= Activity =
This exercise calls for every record to be returned exactly, with pictures removed.

___ Entries supplied

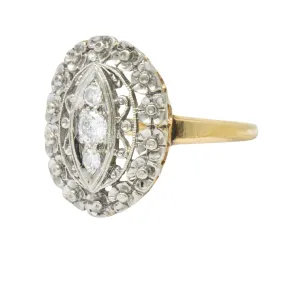 Edwardian Diamond Platinum-Topped 14 Karat Gold Ring
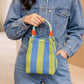 Small Striped Knit Bucket Bag with Rope Handles and Snap Closure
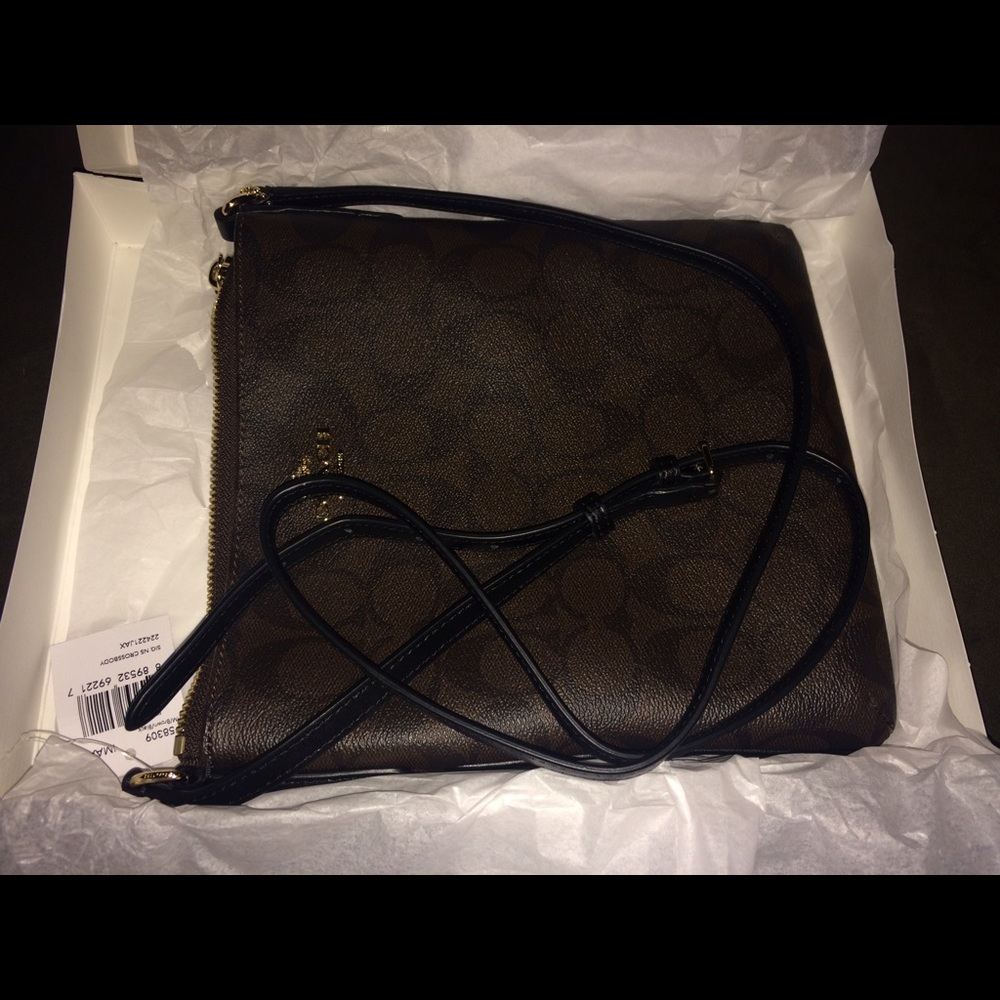 Coach North/South Signature Brown Crossbody Bag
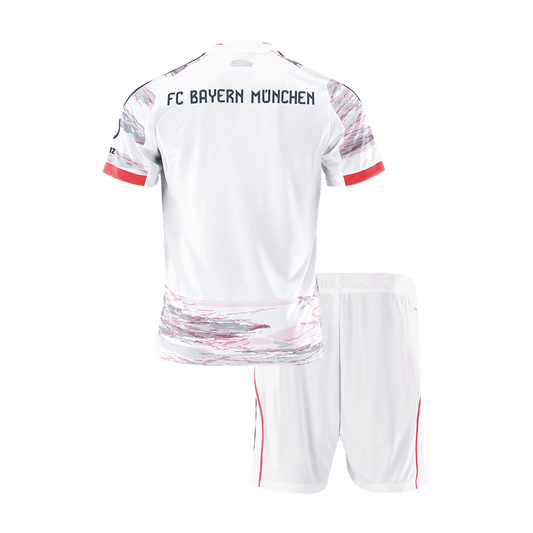 Kit de visitante del Bayern Múnich para niño (camiseta y pantalón corto) 2025/26, color blanco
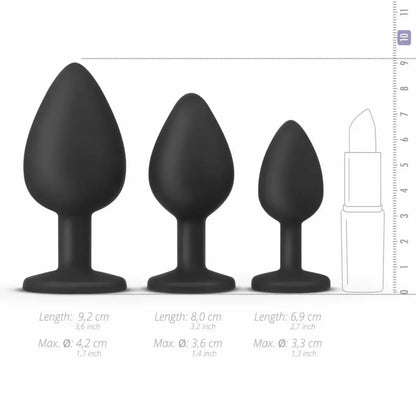 EasyToys lankstaus silikono analinių kamščių rinkinys, 3 dydžiai, juodas 8719934001787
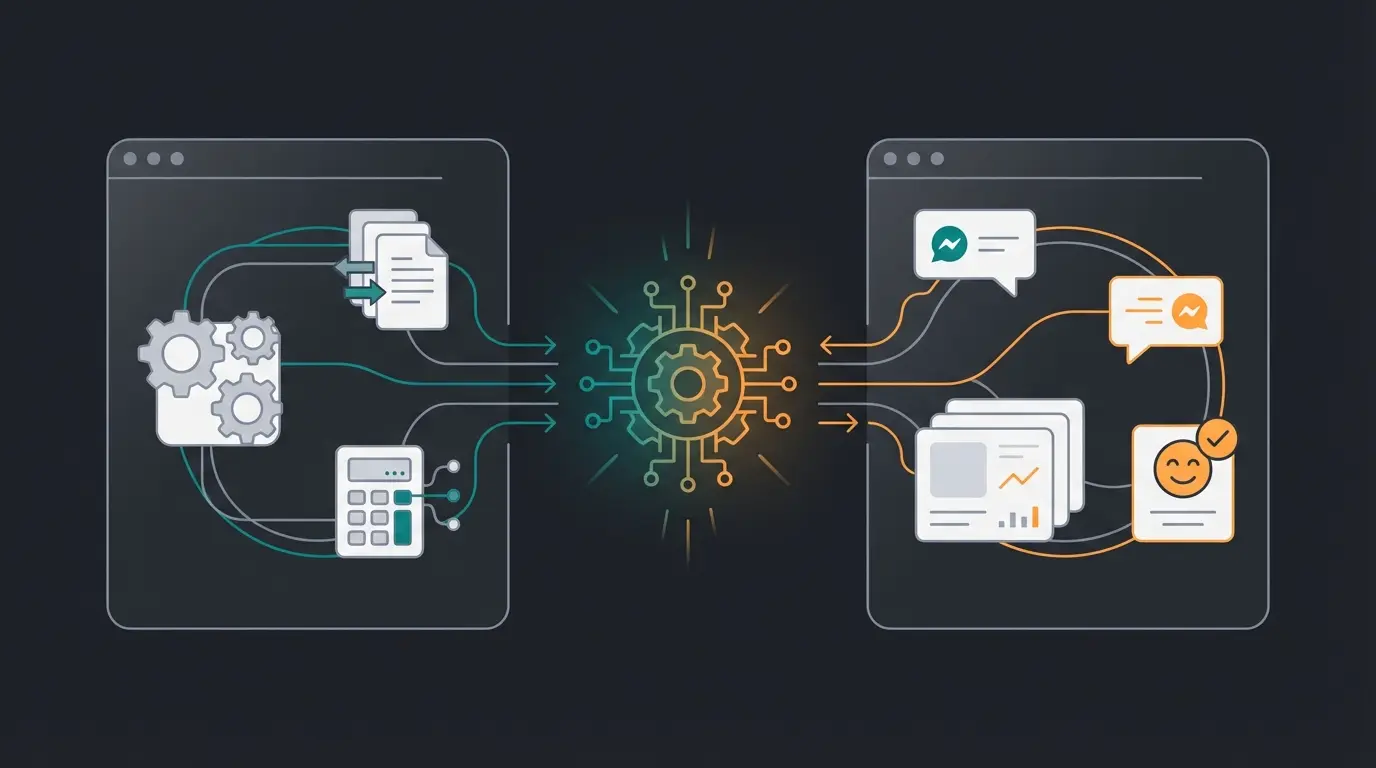 AI-powered smart shop concept showing automated backend and intelligent frontend customer service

______

= Expected answer =
 Edwardian Diamond Platinum-Topped 14 Karat Gold Ring
 Small Striped Knit Bucket Bag with Rope Handles and Snap Closure
 Coach North/South Signature Brown Crossbody Bag
 Kit de visitante del Bayern Múnich para niño (camiseta y pantalón corto) 2025/26, color blanco
 EasyToys lankstaus silikono analinių kamščių rinkinys, 3 dydžiai, juodas 8719934001787
 AI-powered smart shop concept showing automated backend and intelligent frontend customer service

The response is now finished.